Best way to test this: get BRMSX and run it on MSX1 with -vdptiming. If the screen goes crazy, then you need more NOPs (and sometimes just two NOPs aren't enough... faced that problem several times doing game conversions)
On MSX2 you can do several consecutive OUTIs without problems, so this would be the best solution for MSX2 IMHO
(But I don't know if it's possible, I didnt look at the source yet)
I can confirm the same:
passing from my old HB75P (msx1) to my old Philips MSX2 all the VDP timings disappeared magically.
Was I lucky with my Philips msx2 or the timing specifications have changed passing from msx1 to msx2 ?
I don't have much experience with msx2, but I need to put 2 nops between outs with NoFun using screen 0, width 80.
Look again at the calculation ...
In the worst case (MSX1 - Screen 2), we need to wait 29 T-states before accessing again the VRAM.
If we take a standard OUT (n),A instruction it means we need to wait 18 T-states after it.
So five NOPs (yes, five) are needed (@ 4 T-states each).
In cases like the above I'm of the idea of letting things as they are and add in comments warnings or/and email for assistance.
If someone incurs into the problem on his HW he will signal you that the problem exists.
I think that the # of real HW still being used is quickly decreasing in time and that the most basic and ancient machines are those less utilized nowadays.
This could be a nice way to know if real MSX machines with this timing flaw are still used actively.
@ Metallion, yes you really need 29 T-states between outs. Many times 28 is enough but it requires some knowledege about how the application is used (sprites etc).. Since your depacker is general purpose you need to use the worst case.
You need to count the extra M1 wait cycle to each instructions. In general you add 1 T-state to each instruction and one extra for instructions that start with DD ED, FD and CB. So a nop takes 4+1 T states to execute, an out (n),a takes 11+1 an out (c),r takes 12+1+1 and an outi takes 16+1+1.
If you want I can look at the code and add nops or other instructions where needed. I'm pretty good at this after writing several demos that optimize bandwith to the VDP. Let me know if you want some help.
Actually, about the pletter code, I do not see any case where two
successive out to 0x98 are closer than 28T-states.
The rule occurs only between successive data out,
between address outs at 0x98, and between address and data setting
there are no T-state constrains (or not ?)
I'm quite sure you need to space 0x99 outs and ins too. The VDP is only reading the bus at certain time slots so you need to keep the data on the bus for long enough so the VDP gets a chance to read it.

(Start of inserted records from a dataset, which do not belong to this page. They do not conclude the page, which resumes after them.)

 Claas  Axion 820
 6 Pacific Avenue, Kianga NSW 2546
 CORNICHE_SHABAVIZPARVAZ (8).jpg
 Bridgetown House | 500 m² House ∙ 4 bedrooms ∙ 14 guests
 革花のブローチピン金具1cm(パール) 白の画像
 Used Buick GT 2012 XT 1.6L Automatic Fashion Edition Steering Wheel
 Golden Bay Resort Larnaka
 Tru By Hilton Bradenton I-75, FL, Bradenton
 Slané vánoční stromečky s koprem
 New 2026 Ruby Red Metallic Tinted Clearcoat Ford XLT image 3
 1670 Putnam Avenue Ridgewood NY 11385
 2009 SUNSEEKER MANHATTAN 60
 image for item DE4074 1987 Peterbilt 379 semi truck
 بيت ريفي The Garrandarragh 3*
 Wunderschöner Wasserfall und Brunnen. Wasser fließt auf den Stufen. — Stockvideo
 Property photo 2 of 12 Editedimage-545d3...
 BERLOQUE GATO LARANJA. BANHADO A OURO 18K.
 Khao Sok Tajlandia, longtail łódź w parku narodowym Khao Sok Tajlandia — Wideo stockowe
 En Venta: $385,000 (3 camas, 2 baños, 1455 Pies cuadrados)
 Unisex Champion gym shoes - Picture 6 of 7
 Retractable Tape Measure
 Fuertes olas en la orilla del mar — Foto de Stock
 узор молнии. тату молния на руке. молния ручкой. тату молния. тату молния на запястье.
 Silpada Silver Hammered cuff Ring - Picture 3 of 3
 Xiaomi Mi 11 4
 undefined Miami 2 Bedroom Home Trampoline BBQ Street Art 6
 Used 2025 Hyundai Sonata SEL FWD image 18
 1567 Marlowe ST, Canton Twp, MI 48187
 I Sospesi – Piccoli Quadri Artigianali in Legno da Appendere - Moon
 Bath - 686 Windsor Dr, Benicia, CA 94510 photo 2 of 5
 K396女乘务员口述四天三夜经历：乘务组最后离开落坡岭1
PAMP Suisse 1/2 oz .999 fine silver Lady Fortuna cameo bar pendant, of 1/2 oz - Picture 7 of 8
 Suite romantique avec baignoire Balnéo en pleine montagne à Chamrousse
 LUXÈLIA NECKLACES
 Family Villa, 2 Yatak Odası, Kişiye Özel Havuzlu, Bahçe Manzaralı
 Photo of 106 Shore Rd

*EDIT* Actually I'm not sure if its only VRAM access that is restricted or if its all VDP access.
But are addresses and data on different buses ?
Is the reading of the address ruled by the same timing of the reading of the data ?
I should look closely at the TMS specs
I believe that there's no need to space the outs on $99, there's an address register that holds the data when it's being initialized. You only need to take care of avoid any access to VDP while this data is being sent (usually a pair of bytes). I'm pretty sure I've used things like out (c),e;out (c),d (being c=$99) without flaws...